Beam data operator #
BeamDataOperator is data operator that exposes data from data model via Apache Beam.
Instantiate the operator #
The operator can be instantiated by adding proxima-beam-core
dependency and using
Repository repo = Repository.of(ConfigFactory.load("test-readme.conf").resolve());
BeamDataOperator beam = repo.getOrCreateOperator(BeamDataOperator.class);
If we also compile our data model, we can create the wrapping class via
Model model = Model.wrap(repo);
Once the operator is instantiated, we can use it for both reading and writing data to the platform.
Writing Pipelines using BeamDataOperator #
Apache Beam is a data processing API that builds around a concept of a
Pipeline. BeamDataOperator
acts on this Pipeline
to create PCollection
(s):
Pipeline p = Pipeline.create();
PCollection<StreamElement> events =
beam.getStream(
p,
Position.OLDEST,
false, /* stopAtCurrent */
true, /* useEventTime */
model.getEvent().getDataDescriptor());
PCollection<BaseEvent> parsed =
events.apply(
FlatMapElements.into(TypeDescriptor.of(BaseEvent.class))
.via(
e ->
model.getEvent().getDataDescriptor().valueOf(e).stream()

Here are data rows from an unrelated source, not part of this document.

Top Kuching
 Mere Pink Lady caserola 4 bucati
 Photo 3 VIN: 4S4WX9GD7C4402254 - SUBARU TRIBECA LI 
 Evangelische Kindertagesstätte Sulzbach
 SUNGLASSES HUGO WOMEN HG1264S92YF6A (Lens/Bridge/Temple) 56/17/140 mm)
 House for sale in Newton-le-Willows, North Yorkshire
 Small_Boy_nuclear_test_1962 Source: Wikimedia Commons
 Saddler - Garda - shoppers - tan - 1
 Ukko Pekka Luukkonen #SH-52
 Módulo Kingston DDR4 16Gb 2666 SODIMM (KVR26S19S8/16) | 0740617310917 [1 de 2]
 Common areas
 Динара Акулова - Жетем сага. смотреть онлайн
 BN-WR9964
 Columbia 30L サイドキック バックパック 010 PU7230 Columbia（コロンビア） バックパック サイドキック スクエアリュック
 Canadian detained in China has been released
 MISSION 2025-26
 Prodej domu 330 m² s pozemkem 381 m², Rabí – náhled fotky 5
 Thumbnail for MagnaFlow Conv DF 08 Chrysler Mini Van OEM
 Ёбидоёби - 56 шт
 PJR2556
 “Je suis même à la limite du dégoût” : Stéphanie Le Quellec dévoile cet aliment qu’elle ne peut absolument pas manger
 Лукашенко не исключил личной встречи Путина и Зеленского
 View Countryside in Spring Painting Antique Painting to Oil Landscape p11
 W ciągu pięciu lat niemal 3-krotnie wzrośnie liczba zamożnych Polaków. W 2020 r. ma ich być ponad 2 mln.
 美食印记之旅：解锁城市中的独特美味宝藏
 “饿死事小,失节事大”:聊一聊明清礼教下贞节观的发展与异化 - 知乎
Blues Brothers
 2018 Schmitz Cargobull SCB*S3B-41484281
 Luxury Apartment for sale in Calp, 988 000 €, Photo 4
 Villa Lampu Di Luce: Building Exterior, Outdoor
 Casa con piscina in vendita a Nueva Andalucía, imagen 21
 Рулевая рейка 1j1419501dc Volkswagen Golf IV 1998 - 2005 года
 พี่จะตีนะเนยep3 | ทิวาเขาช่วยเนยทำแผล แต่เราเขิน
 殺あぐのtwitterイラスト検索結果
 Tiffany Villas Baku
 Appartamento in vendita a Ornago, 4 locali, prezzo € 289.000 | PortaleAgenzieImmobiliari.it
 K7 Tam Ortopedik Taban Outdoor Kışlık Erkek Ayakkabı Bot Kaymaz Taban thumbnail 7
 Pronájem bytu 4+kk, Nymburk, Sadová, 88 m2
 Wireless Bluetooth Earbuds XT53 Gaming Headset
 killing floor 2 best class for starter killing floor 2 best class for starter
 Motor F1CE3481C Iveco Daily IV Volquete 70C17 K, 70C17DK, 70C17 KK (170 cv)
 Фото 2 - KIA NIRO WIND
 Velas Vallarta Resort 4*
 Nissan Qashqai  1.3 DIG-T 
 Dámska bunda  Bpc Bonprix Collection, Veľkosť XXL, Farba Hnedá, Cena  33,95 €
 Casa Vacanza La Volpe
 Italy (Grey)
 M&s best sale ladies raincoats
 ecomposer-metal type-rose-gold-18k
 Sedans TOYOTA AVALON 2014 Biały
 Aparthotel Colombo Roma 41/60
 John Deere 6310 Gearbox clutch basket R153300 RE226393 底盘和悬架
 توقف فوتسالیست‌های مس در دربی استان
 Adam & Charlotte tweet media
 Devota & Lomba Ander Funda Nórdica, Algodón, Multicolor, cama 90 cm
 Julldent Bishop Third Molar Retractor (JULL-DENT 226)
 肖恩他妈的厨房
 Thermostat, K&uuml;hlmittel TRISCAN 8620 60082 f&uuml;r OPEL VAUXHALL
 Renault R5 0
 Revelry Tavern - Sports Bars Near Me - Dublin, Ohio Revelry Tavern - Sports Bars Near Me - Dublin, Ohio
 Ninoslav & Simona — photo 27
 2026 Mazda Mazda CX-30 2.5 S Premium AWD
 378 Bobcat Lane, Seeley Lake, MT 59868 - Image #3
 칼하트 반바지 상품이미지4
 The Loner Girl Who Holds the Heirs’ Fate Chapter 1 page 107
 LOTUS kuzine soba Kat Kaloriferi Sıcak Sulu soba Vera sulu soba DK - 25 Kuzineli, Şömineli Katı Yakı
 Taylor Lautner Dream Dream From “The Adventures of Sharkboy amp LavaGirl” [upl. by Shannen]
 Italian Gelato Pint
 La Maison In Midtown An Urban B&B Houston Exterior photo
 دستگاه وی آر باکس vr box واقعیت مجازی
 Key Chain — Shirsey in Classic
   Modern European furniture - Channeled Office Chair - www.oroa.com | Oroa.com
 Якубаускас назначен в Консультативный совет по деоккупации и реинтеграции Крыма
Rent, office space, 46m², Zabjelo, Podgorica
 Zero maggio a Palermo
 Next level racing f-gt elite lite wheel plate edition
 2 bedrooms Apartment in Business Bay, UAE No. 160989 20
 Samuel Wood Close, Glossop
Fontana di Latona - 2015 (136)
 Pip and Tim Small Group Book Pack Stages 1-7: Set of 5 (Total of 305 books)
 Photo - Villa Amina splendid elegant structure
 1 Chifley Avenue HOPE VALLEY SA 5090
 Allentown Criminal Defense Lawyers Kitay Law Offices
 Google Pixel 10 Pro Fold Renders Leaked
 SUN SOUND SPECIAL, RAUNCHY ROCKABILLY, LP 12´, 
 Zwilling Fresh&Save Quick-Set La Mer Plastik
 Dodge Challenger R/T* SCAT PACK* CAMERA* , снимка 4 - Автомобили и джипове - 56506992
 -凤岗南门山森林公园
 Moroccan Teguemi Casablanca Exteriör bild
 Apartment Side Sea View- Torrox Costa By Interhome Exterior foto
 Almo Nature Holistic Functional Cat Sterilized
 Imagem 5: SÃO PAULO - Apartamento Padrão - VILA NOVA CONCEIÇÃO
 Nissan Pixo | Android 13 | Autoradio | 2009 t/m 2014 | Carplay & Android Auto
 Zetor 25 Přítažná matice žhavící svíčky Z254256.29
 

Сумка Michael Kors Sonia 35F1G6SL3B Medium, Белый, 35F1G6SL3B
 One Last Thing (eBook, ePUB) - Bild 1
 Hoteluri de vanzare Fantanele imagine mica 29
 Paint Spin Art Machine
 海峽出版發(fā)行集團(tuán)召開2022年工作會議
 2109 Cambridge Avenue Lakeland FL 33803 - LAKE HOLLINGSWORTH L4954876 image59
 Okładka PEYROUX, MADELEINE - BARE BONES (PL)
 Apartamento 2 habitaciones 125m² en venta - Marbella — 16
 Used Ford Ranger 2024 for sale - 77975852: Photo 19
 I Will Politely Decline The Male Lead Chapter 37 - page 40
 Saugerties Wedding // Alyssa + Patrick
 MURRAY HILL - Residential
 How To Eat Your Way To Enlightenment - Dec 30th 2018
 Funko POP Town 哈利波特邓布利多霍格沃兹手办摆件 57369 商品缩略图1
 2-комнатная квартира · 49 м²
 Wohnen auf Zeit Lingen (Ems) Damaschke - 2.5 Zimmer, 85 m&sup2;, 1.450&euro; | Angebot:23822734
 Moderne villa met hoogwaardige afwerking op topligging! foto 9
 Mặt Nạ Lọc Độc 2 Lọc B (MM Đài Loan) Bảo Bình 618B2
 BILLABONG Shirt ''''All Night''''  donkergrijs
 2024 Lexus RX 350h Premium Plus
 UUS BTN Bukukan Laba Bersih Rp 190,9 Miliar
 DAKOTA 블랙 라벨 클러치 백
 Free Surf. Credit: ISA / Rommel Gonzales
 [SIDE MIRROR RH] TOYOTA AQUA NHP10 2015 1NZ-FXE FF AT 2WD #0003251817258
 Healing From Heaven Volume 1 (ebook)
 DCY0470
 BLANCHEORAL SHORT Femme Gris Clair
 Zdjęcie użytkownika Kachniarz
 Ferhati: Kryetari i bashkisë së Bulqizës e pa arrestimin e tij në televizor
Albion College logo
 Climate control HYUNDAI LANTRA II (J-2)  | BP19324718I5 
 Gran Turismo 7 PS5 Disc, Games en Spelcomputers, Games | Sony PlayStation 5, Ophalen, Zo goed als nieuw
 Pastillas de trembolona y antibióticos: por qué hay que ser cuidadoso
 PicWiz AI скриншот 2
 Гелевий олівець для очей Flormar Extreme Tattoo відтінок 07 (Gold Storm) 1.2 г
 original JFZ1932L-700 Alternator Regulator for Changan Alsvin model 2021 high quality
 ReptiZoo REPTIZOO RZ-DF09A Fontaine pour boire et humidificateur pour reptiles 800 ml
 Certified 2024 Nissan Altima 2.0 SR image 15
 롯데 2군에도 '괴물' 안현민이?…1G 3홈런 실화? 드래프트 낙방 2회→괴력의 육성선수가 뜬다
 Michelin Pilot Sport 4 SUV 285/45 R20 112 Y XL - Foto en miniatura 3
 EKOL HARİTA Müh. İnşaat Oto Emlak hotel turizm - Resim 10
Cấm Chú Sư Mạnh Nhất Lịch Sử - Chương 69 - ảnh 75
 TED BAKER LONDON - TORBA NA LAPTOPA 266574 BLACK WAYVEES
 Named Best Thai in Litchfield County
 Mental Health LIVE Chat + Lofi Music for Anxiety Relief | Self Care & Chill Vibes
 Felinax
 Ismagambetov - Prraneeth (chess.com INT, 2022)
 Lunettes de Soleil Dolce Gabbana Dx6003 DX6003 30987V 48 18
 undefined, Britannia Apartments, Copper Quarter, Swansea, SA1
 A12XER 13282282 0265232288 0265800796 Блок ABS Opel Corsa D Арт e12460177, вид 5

.collect(Collectors.toList())));
// further processing
// ...
// run the Pipeline
p.run().waitUntilFinish();
ProximaIO for data sink #
When writing data to the Platform, we first need to convert any data to a PCollection<StreamElement>
and then apply ProximaIO
to the PCollection
to store the data.
Pipeline p = Pipeline.create();
PCollection<StreamElement> elements =
beam.getStream(
"InputEvents",
p,
Position.CURRENT,
/* stopAtCurrent */ false,
/* useEventTime */ true,
model.getEvent().getDataDescriptor());
// implement actual transformation logic here
// convert the outputs to StreamElements
PCollection<StreamElement> outputs =
elements
.apply(
FlatMapElements.into(TypeDescriptor.of(BaseEvent.class))
.via(
e ->
model.getEvent().getDataDescriptor().valueOf(e).stream()
.collect(Collectors.toList())))
.apply(Filter.by(e -> e.getAction().equals(Action.BUY)))
.apply(new ProcessUserBuys());
// store the result
outputs.apply(ProximaIO.write(repo.asFactory()));
// run the Pipeline
p.run().waitUntilFinish();
The class ProcessUserBuys
is a
PTransform which processes input events and produces the ouptuts. This carries the user logic.
Usage of DirectDataOperator in BeamDataOperator #
BeamDataOperator
have two options how to read data from the platform:
- implement own IO module (e.g.
proxima-beam-io-pubsub
) or - use
DirectDataOperator
for actual data access
The latter option is more common, though the former method might have a slightly better performance. There is not many native IOs to Proxima, though, so most Pipelines make use of proxima-direct-core
module to do the actual reading. This approach also guarantees the same reading semantics of both operators (because one makes use of the other).
End-to-end testing of Pipelines #
When using an in-process runner (e.g. DirectRunner), one can test a Pipeline from end to end using the following approach:
Pipeline p = Pipeline.create();
OnlineAttributeWriter eventWriter =
Optionals.get(direct.getWriter(model.getEvent().getDataDescriptor()));
long now = System.currentTimeMillis();
writeEvent("user1", now, eventWriter);
writeEvent("user2", now, eventWriter);
writeEvent("user1", now + 1, eventWriter);
PCollection<StreamElement> inputs =
beam.getStream(p, Position.OLDEST, true, true, model.getEvent().getDataDescriptor());
// apply transformation of inputs to output StreamElements
PCollection<StreamElement> outputs = inputs.apply(new Transformation(model));
// store results
outputs.apply(ProximaIO.write(repo.asFactory()));
// run and wait
p.run().waitUntilFinish();
// when the Pipeline finishes, we should have writes in 'user1' and 'user2'
// verify results
RandomAccessReader reader =
Optionals.get(direct.getRandomAccess(model.getUser().getPreferencesDescriptor()));
List<StreamElement> read = new ArrayList<>();
Optional<KeyValue<UserPreferences>> user1Preferences =
reader.get("user1", model.getUser().getPreferencesDescriptor());
Optional<KeyValue<UserPreferences>> user2Preferences =
reader.get("user2", model.getUser().getPreferencesDescriptor());
// we stored both the preferences
assertTrue(user1Preferences.isPresent());
assertTrue(user2Preferences.isPresent());